▸ PROMPT: Which lines run from the line with "Tour d'apprentissage et" through the line with "Cargador rápido compatible" in the entries below? Print them exactly, both ends included, and nothing more.

▸ RECORDS TO USE:
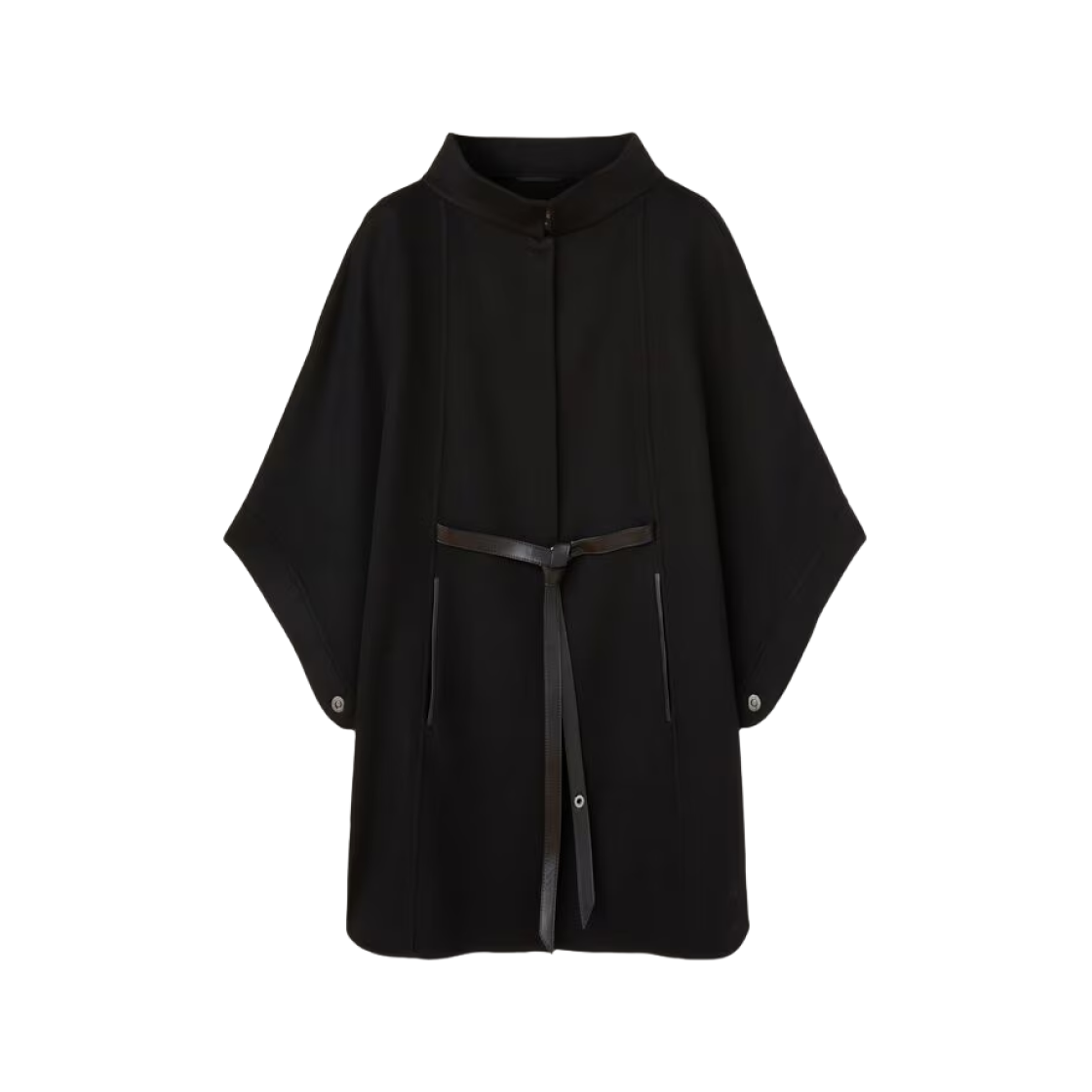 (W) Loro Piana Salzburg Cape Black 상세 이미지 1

==

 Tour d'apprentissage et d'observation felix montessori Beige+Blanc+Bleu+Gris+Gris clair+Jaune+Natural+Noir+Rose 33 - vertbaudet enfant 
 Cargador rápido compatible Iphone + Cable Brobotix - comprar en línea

▸ SOLUTION TO THE EXERCISE:
 Tour d'apprentissage et d'observation felix montessori Beige+Blanc+Bleu+Gris+Gris clair+Jaune+Natural+Noir+Rose 33 - vertbaudet enfant 
 Cargador rápido compatible Iphone + Cable Brobotix - comprar en línea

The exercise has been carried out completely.